基于 MCP 协议的消息构造与发送功能,涵盖了初始化、工具列表查询、工具调用响应以及设备通知等场景。所有消息均遵循 JSON-RPC 2.0 格式,并通过 send_mcp 方法统一发送,确保了代码的模块化和一致性。

class WebSocketClient(object):
    def send_mcp(self, payload, session_id=""):
        """
        发送标准MCP消息,payload为JSON-RPC 2.0格式字典
        """
        with self.__resp_helper:
            self.send(
                JsonMessage(
                    {
                        "session_id": session_id,
                        "type": "mcp",
                        "payload": payload
                    }
                ).to_bytes()        
            )	
    def mcp_initialize(self, capabilities=None, session_id="", req_id=1):
        """
        发送MCP initialize响应
        """
        payload = {
            "jsonrpc": "2.0",
            "id": req_id,
            "result": {
                "protocolVersion": "2025-9-03",
                "capabilities": {
                    "tools":{},
                    "notifications": {}
                },
                "serverInfo": {
                "name": 'xiaozhi-mqtt-client',
                "version": "1.0.0"
            }
        }
        }  
        self.send_mcp(payload, session_id)
    def mcp_tools_list(self, cursor="", session_id="", req_id=2):
        """
        发送MCP tools/list响应请求
        """
        payload = {
            "jsonrpc": "2.0",
            "id": req_id,
            "result": {
                "tools": [
                {
                    "name": "self.setvolume_down()",
                    "description": "只通过调用setvolume_down方法来控制音量变小,接收到回应后会播报当前音量大小",
                    "inputSchema": {}
                },
                {
                    "name": "self.setvolume_up()",
                    "description": "只通过调用setvolume_up方法来控制音量变大,接收到回应后会播报当前音量大小",
                    "inputSchema": {}
                },
                {
                    "name": "self.setvolume_close()",
                    "description": "只通过调用setvolume_close方法来静音,接收到回应后会播报当前音量大小",
                    "inputSchema": {}
                },
                ],
            }
            }

        self.send_mcp(payload, session_id)
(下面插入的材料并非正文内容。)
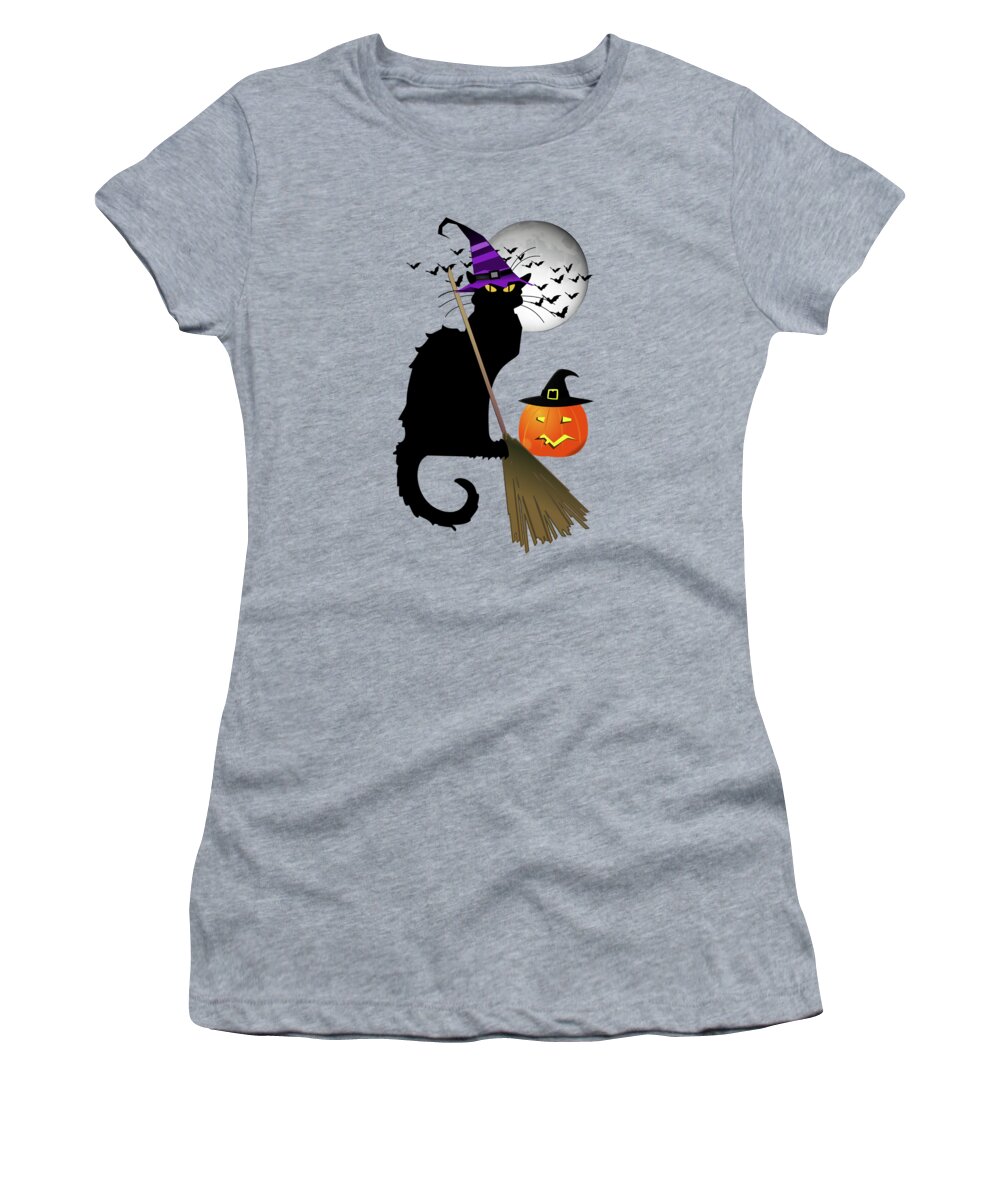 Le Chat Noir Women's T-Shirt featuring the digital art Le Chat Noir - Halloween Witch by Gravityx9  Designs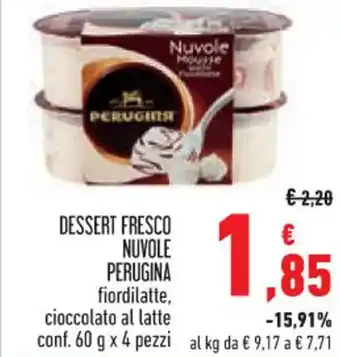 Conad DESSERT FRESCO NUVOLE PERUGINA fiordilatte, conf. 60 g x 4 pezzi offerta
    def mcp_tools_call(self, session_id="", req_id="", error=None, tool_name=""):
        """
        发送MCP tools/call响应
        :param error: 如果为None则返回成功响应,否则返回错误响应(字典,包含code和message)
        """
        if error is None:
            if tool_name == "self.setvolume_down()":
                payload = {
                    "jsonrpc": "2.0",
                    "id": req_id,
                    "result": {
                        "content": [
                            { "type": "text", "text": "音量已调小 "}
                        ],
                        "isError": False
                    }
                }
            elif tool_name == "self.setvolume_up()":
                payload = {
                    "jsonrpc": "2.0",
                    "id": req_id,
                    "result": {
                        "content": [
                            { "type": "text", "text": "音量已调大" }
                        ],
                        "isError": False
                    }
                }
            elif tool_name == "self.setvolume_close()":
                payload = {
                    "jsonrpc": "2.0",
                    "id": req_id,
                    "result": {
                        "content": [
                            { "type": "text", "text": "已静音" }
                        ],
                        "isError": False
                    }
                }      
        else:
            payload = {
                "jsonrpc": "2.0",
                "id": req_id,
                "error": {
                    "code": error.get("code", -32601),
                    "message": error.get("message", "Unknown error")
                }    
        self.send_mcp(payload, session_id)                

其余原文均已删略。